WASHINGTON—Dozens of seriously underfunded trade union pension plans won’t repay millions of dollars in tax-funded government loans intended to help them regain financial integrity and pay promised benefits, according to the Congressional Budget Office (CBO).
The measure would create within the Department of the Treasury a new Pension Rehabilitation Administration (PRA) to establish and manage a Pension Rehabilitation Trust Fund, which would make tax dollars available through loans and direct cash assistance to insolvent union pensions to invest in the stock market and pay benefits.

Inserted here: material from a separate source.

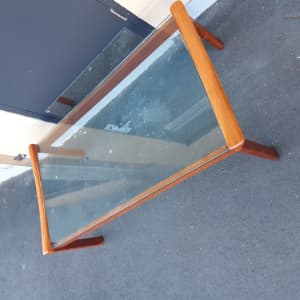 Tessa glass top coffee table Cooks Hill Newcastle Area Preview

The main beneficiaries of the measure, if it becomes law, would be pension programs of more than 130 trade unions that represent employees from multiple companies within an industry.
Such pension plans were exempted by Congress from the government’s requirement that private sector companies fully fund promised benefits. The exemption allows the union plans to set aside funding for less than 100 percent of projected benefit costs.

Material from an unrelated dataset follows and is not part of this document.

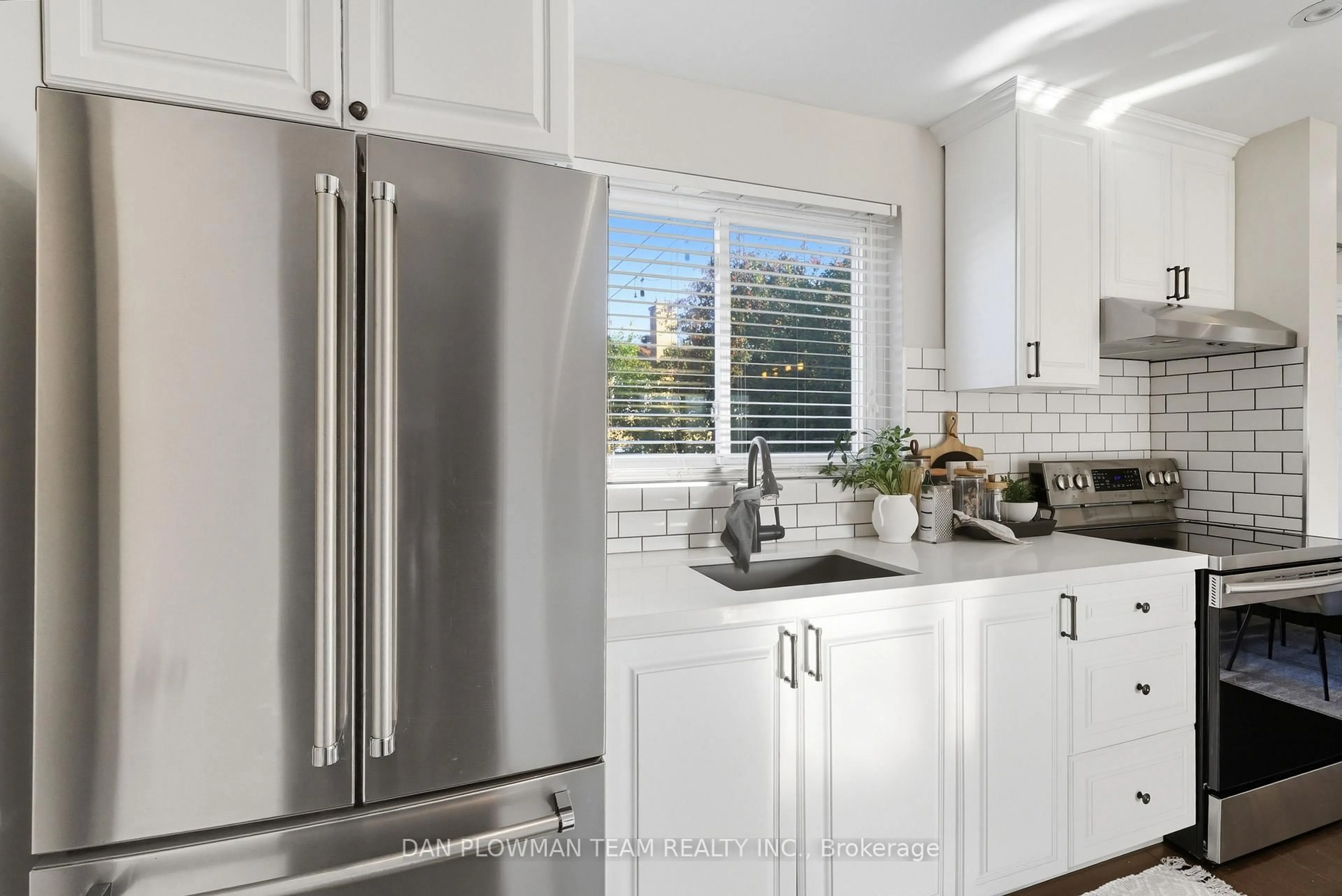 Open concept kitchen, ceramic/tile floor for 22 Athenia Crt, Toronto Ontario M1E 2C1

As a result of the exemption, among the union pension plans on the Pension Benefit Guaranty Corp. (PBGC) list of critically underfunded funds are those of the United Mine Workers of America (UMWA), which can only cover 33.2 percent of benefits promised, and the Bakers & Confectionery Union and Industry International Pension Fund, which can only cover 36.6 percent. Both plans actively lobbied for the House Democrats’ bailout measure.
Other ailing union pension plans are in worse shape, with the United Food and Commercial Workers Union plan able to cover no more than 17.6 percent, and the New England Teamsters and Trucking Industry Pension with funds available to cover just 17.7 percent.

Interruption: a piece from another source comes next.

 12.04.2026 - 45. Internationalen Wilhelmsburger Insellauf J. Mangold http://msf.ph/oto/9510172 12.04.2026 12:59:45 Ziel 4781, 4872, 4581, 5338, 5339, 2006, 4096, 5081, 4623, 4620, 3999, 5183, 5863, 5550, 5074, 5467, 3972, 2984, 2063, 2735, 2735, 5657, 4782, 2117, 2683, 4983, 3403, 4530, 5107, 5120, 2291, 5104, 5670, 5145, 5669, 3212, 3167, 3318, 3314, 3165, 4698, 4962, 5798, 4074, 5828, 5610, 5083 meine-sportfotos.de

Trump hasn’t taken a position on the issue to date. The president’s opposition to the plan can’t be assumed, because he gained unexpected support in key states such as Wisconsin, Ohio, and Pennsylvania, whose residents include many of the union members whose pensions are at risk.
The exemption also allows the union pension plans to pay sharply reduced premiums to PBGC, which uses income from those payments to fund benefit insurance. Due in part to the reduced union plan premiums, the PBGC itself also is nearing the threshold of financial insolvency.
The congressional agency estimated that the measure would cost taxpayers at least $31.8 billion in new spending, after only $7.9 billion is repaid by the unions receiving loan assistance.
“The subsidy cost for all loans (regardless of the estimating approach) would be recorded as direct spending,” CBO told Enzi.
Rachel Grezsler, a Heritage Foundation pensions expert, told The Epoch Times that the CBO study highlights how the House Democrats’ measure would only delay insolvency for the underfunded pensions, without solving the basic problem.
“The CBO report shows the Rehabilitation for Multiemployer Pensions Act leaves hundreds of other multiemployer plans that will become insolvent at later dates looming for subsequent bailouts by future congresses,” Grezsler said on Sept. 10.
“In short, the CBO report confirms this is a terrible deal for taxpayers and it’s no good for pensioners—particularly younger ones—who will still end up with insolvent pension plans.”